The only one way to battle a disease that affixes itself parasitically to our humanity is to overwhelm it with greater, stronger humanity. To immunize Africa and the rest of the world with a blast of humanity so powerful that the disease can no longer take root. What it will take to beat this virus is to turn its most powerful vehicle, our most powerful weapon, against it.
Here are some things we can do:
Donate to the great organizations that are working tirelessly to bring this disease under control. They need volunteers, medical supplies, facilities, transportation, food, etc. Share information about Ebola, so people will learn about it, know about it, and know how to address it when it comes. And inform and help others. It is natural at a time of crisis to call for sealing the borders, to build fences and walls that separate us further from outside threats. But a disease that infects humanity cannot easily be walled off in this way. Walling off just creates unprotected pockets of humanity, divisions between us and them: my family, your family; that village, this village; inside, outside.
* * *
One final thing.
When Prince Prospero, ill-fated protagonist of Edgar Allan Poe’s story “The Masque of the Red Death,” locked himself in his castle to avoid a contagion that was sweeping his country—a disease that caused “profuse bleeding at the pores”—he assumed mistakenly that the only reasonable solution to his problem was to remove himself from the scene. For months he lived lavishly, surrounded by courtiers, improvisatori, buffoons, musicians, and wine, removed from danger while the pestilence wrought havoc outside.

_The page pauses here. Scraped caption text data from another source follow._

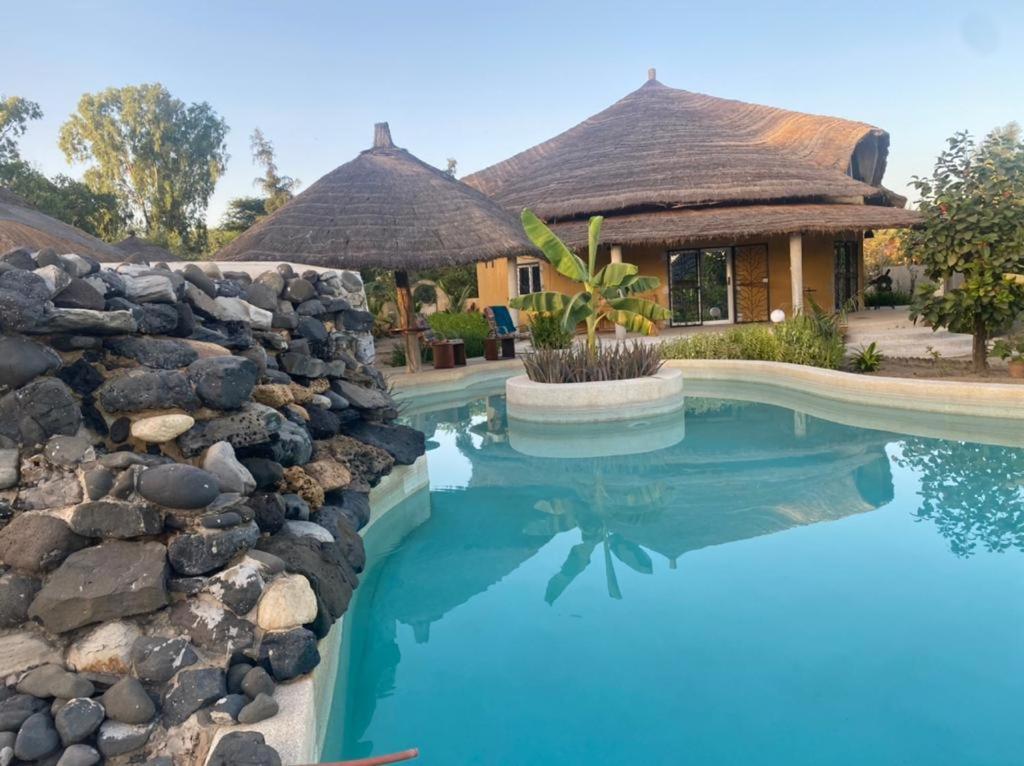 NdanganeVilla avec piscine à Ndangane的一座带游泳池和石墙的房子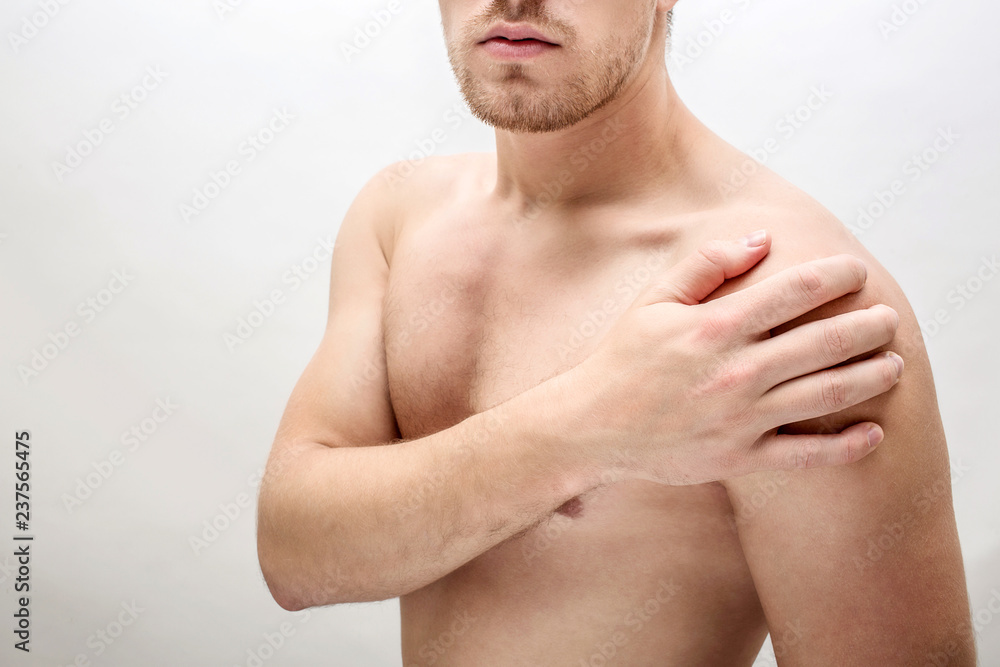 Cut view. Young man hold hand on shoulder. He feels pain there. Isolated on white background. Cut view. Young man hold hand on shoulder. He feels pain there. Isolated on white background.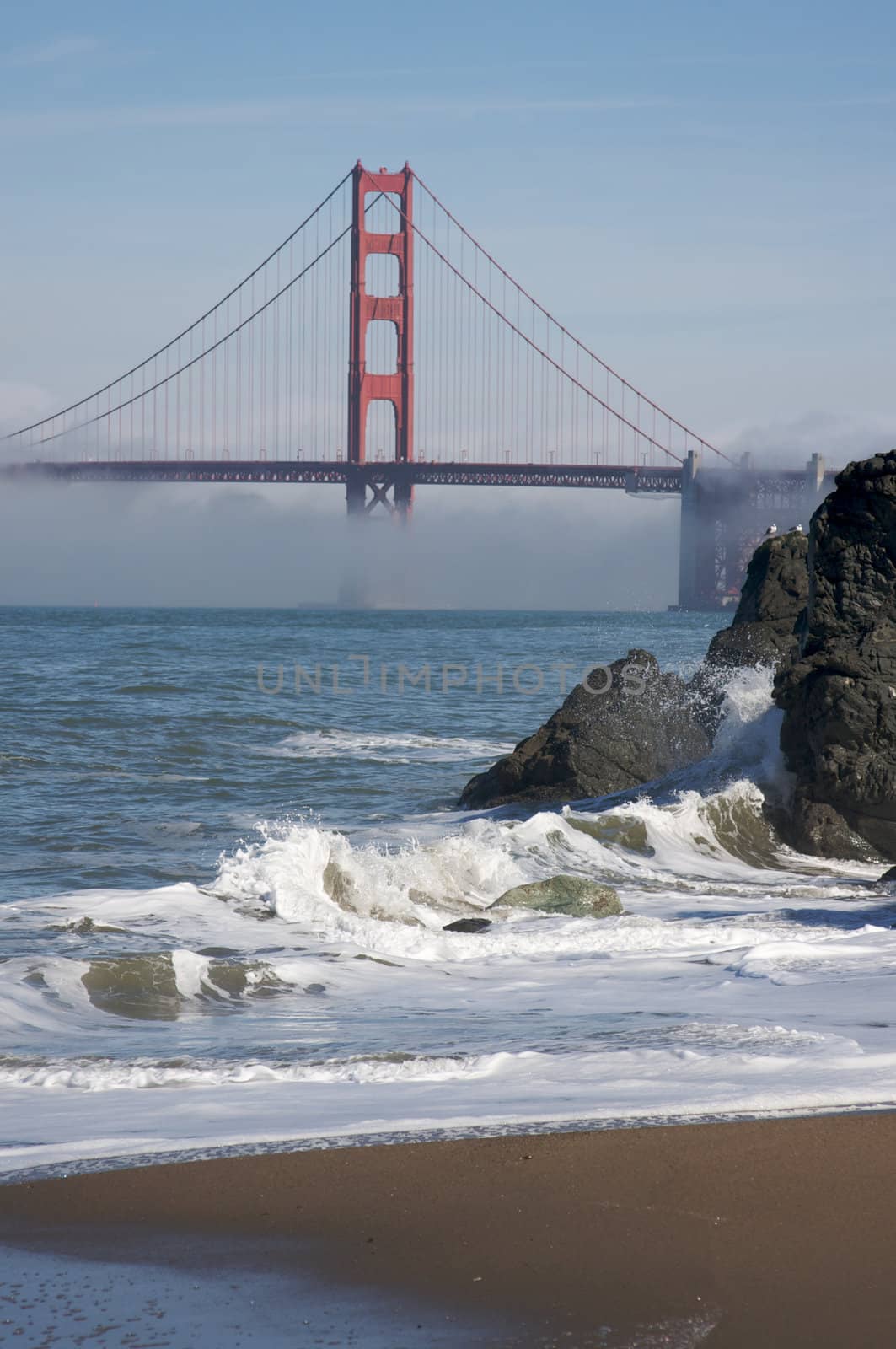 The Golden Gate Bridge in the early morning fog. San Francisco, California, United States.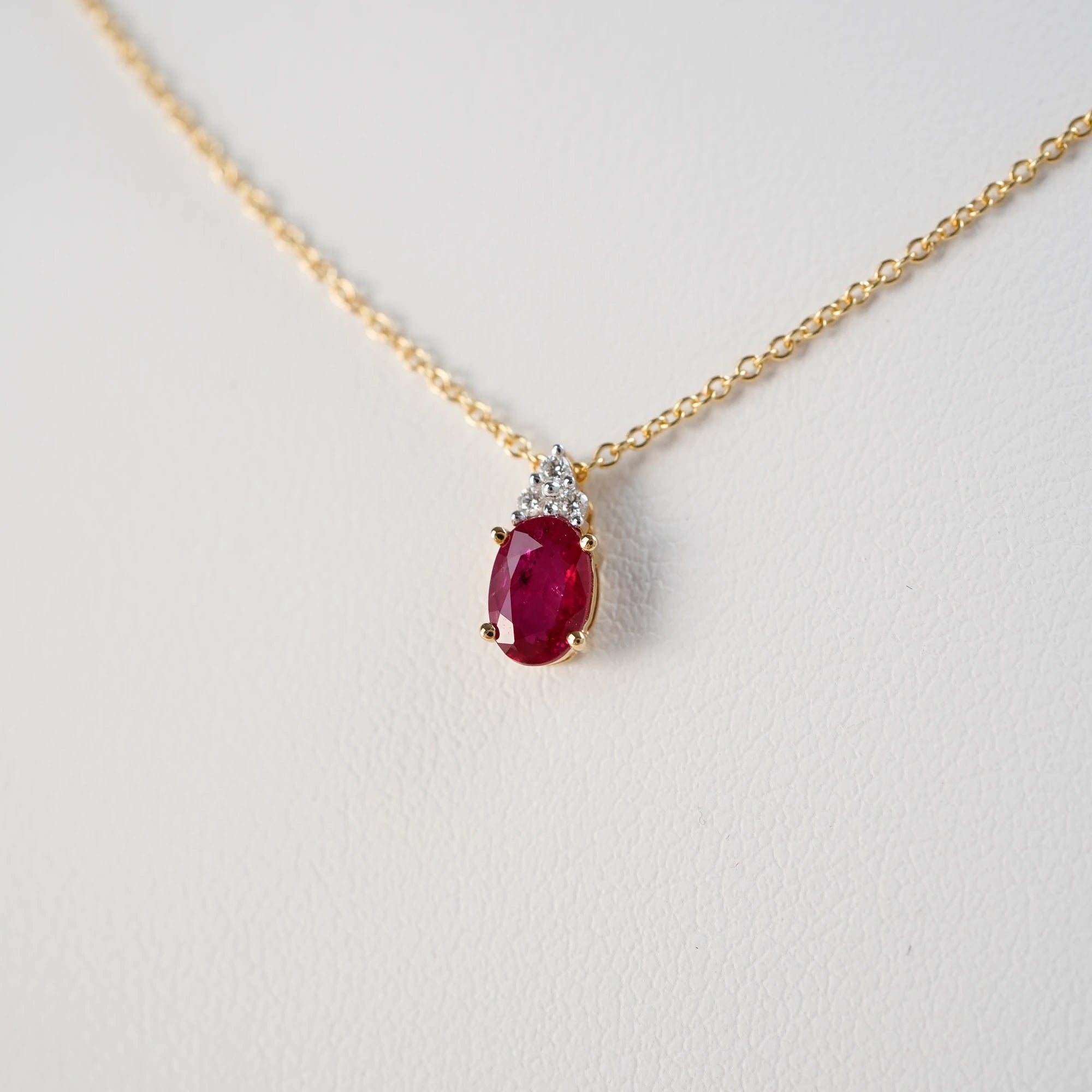 Detailaufnahme des Rubin Colliers aus der Schmuckatelier Lang Collection an einer gelbgoldenen Kette und einem mit Diamant-verzierten, ovalen Rubin-Anhängers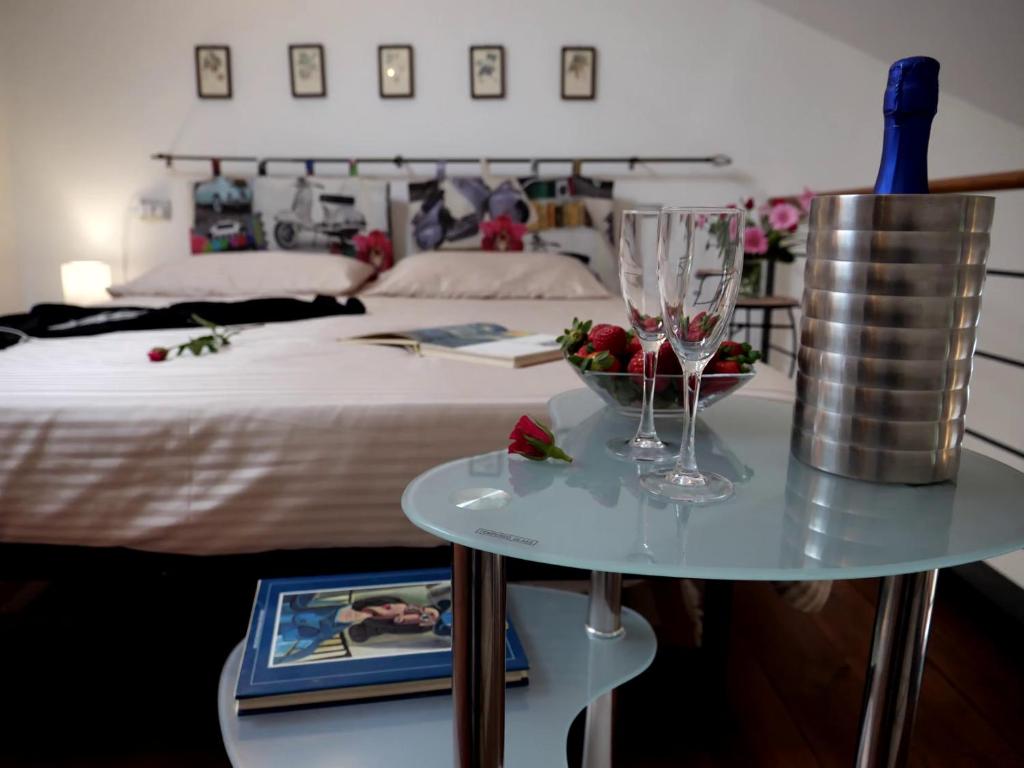 维泰博The Iris Flower的一间卧室配有一张床和一张桌子及一碗水果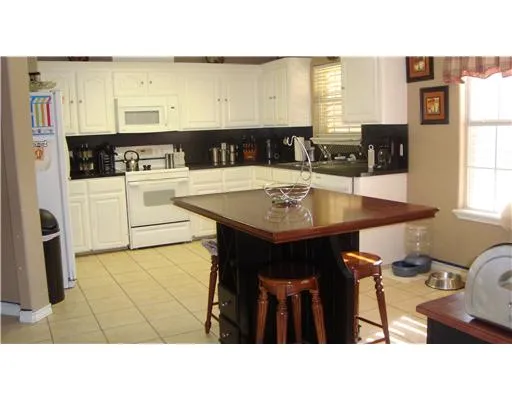 a kitchen with stainless steel appliances kitchen island granite countertop a sink a stove a dining table and chairs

As with much of Poe’s writing, Prospero’s tale does not end well. For six months, all was calm. He and his courtiers enjoyed their lives, secure and isolated from the plague laying waste to the countryside. Then, one night during a masquerade ball, the Red Death snuck into the castle, hidden behind a mask and a cloak, to afflict Prospero and his revelers, dropping them one by one in the “blood-bedewed halls.” Prospero’s security was a façade, leaving darkness and decay to hold “illimitable dominion over all.” The eventual intrusion that would be his undoing foretells of a danger in believing that we can keep the world’s ills at bay by keeping our distance.
If we seek safety by shutting out the rest of the world, we are in for a brutally ugly awakening. Nature is a cruel mistress, but Ebola is her cruelest, most devious trick yet.